**DATA RECORDS:**
--------------------------------

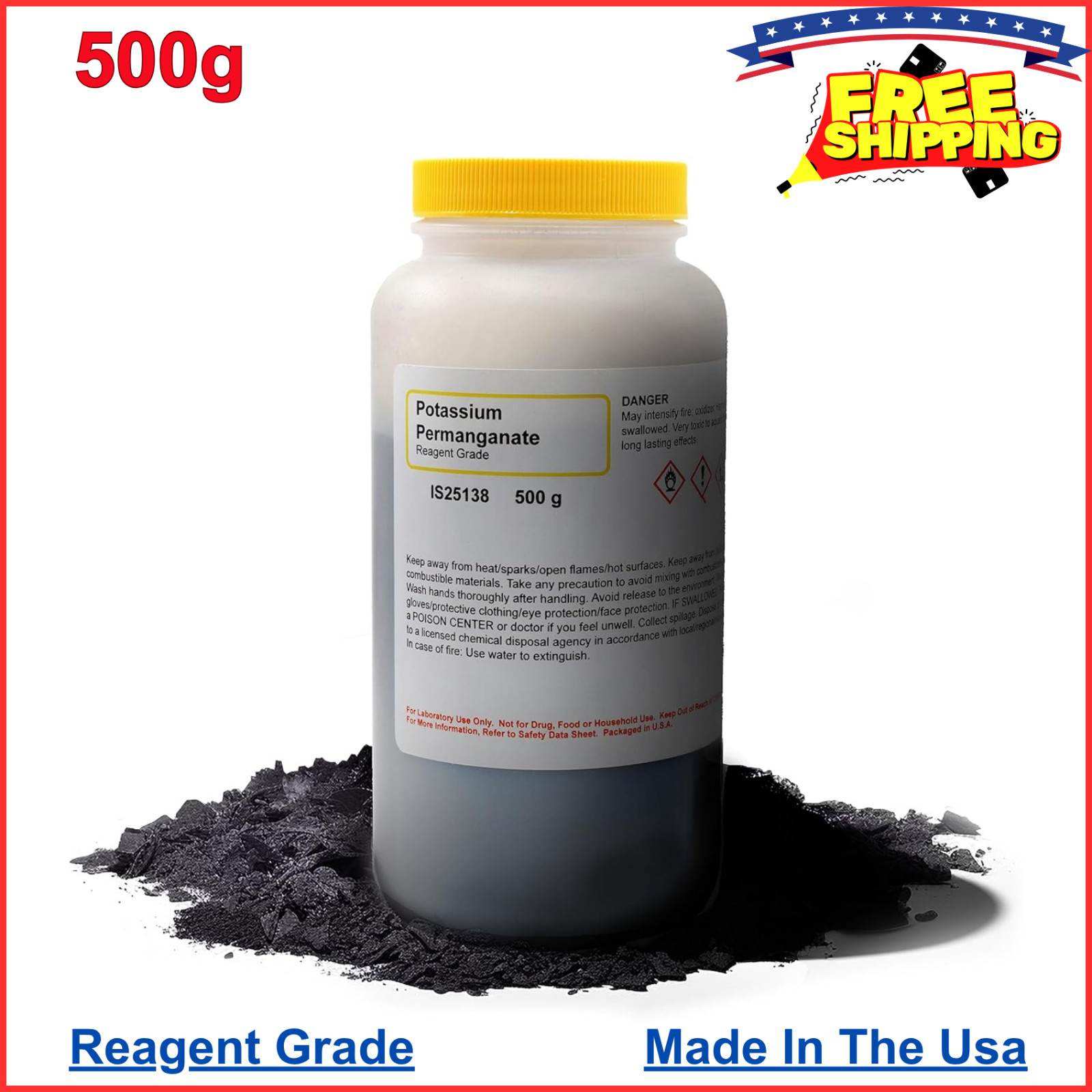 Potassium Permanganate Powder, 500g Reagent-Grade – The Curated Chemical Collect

--------------------------------

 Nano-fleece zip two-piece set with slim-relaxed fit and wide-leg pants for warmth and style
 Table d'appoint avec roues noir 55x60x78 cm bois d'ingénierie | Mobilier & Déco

--------------------------------

**TASK BRIEF:** Using the entries above, give again exactly the lines from the line holding "Nano-fleece zip two-piece" through the line holding "Table d'appoint avec". Include both end lines and nothing else.

**RESPONSE TO THIS TASK:**
 Nano-fleece zip two-piece set with slim-relaxed fit and wide-leg pants for warmth and style
 Table d'appoint avec roues noir 55x60x78 cm bois d'ingénierie | Mobilier & Déco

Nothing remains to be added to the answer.